Hopscotch to Christiania

 

Hopscotch to Christiania

Christiania made me feel brave because I came there cowed and disillusioned and the experience of it brought me to a more courageous state.

 

I hadn’t even wanted to be in Copenhagen. My boss had announced he had tickets for a “weekend trip” and couldn’t go so I said I’d take them off his hands. Before I had even thought about what a weekend trip to a country halfway across Europe entails, my name was on the bus tickets. That’s right. Bus. From Scotland to Copenhagen.

 

The reason I had the kind of boss who booked weekend trips by bus to Copenhagen was that we worked in a sustainability office and Copenhagen is a Mecca of eco-sustainability. Bikes, mainly. But I didn’t need sustainability – that cold, unyielding goal, to warm my struggling and weary sense of purpose that winter time. Some bright spark of hope, rather.

 

Copenhagen itself struck me as dull and classic. It used to thrill me to be in a new European city; the old town, the civic buildings, the history. Entering another door into the great hall of European history. Now the truth seemed all too clear to me: they’re all the same.  So I left the cobbled main square (does it have cobbles? Probably, they normally do) and went wandering.

 

I sort of knew of Christiania before but I had not intended to find it. In my memory the bridge I crossed to get there was miniscule, more like a half jump, a hopscotch, into a better world. And I stayed in that better world for the rest of my trip

Christiania seemed constructed from sheer magic within the real, brickstock city of Copenhagen. It was winter but there was a political discussion event that weekend. Speakers and questions on home-made stages.

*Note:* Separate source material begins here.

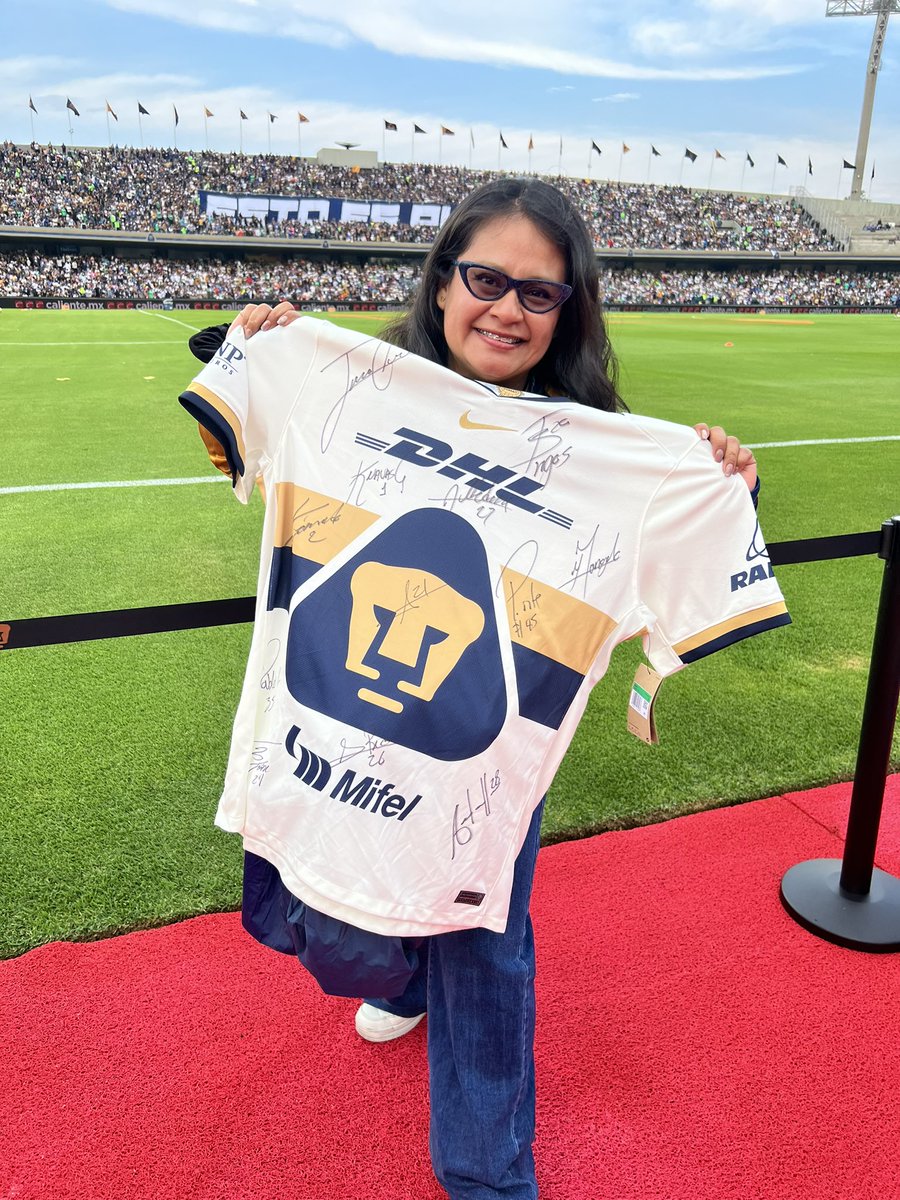 susipuma's tweet photo. Oigan pues se perdió pero la neta si recomiendo los giveways de la @LigaBBVAMX, yo pude bajar a la cancha antes del partido y hasta playera firmada me tocó… les dejo el dato para el siguiente torneo… #VengaPumas https://t.co/1TQpV6n07S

Open smoky fires and bright tents and people sat out talking, planning, debating. I met a man named Erik who had lived there for the last few decades, claiming not to have left the tiny island. He had met a beautiful woman and „made three babies there“. He grinned, nodding at one of them, dirty blond haired like himself, fast asleep in the wheelbarrow which Erik pushed him round his hometown on.

 

Far from slick, professional Copenhagen people handed out soup on a donation basis, shared along with political banter and discussion on all themes but with a strength of common sense behind them: nobody here was theorising from their townhouse bedroom. Every issue they discussed was real – dealing with the hard drifters – drunks, aggressives and those poor souls with serious mental problems which are always drawn to alternative sites. Dealing with the police and the impossibility of a town which makes its own rules, based on its own values. And dealing with toilet waste.

 

Christiania’s bars made me feel brave in that they were dirty and scummy but real chat happened there. I didn’t mind the feeling that a lot of the people were stoned off their heads because it wasn’t the same as at home where you had to ignore them, shut off their presence to continue your good time. Here, as ever, it was awkward to be interrupted by slurry speech and mad chat. But because it was allowed I had the feeling that I could use my words and questions to talk softly, inquisitively with people who would normally scare me. If something went wrong the consequences wouldn’t be police and shame on me for mixing with the wrong types and putting myself in danger, irresponsibly. The community here has been struggling with the treatment of society’s outsiders for all its existence, indeed has in large part defined itself in this struggle.

 

Walking through Christiania made me feel brave because the buildings were oddly real, crafted by inspiration and inventiveness, not a planning manual. The houses and constructions were functional and humorous, the working of their compost toilets and recycled glass facades open for all to see. The residents, also open and humorous, would eye you eyeing their ramshackle masterpieces amusedly, not from smugness or pride but betraying the big secret that that’s all there is to it: build it, love it, live in it. Their ease and rootedness seemed a gently mocking prod at us gaping wanderers, asking why we made it all so difficult where we were from.

 

I was lucky to spend only three days in Christiania and I didn’t have time to let the bad sides arise and become wearying, saddening, like anywhere. But returning home to a very abstract fight for ”sustainability, I  was given courage, for many months after by people who fight for what is already all around them, a place they return to each night, and to their kids sleeping peacefully in wheelbarrows in it.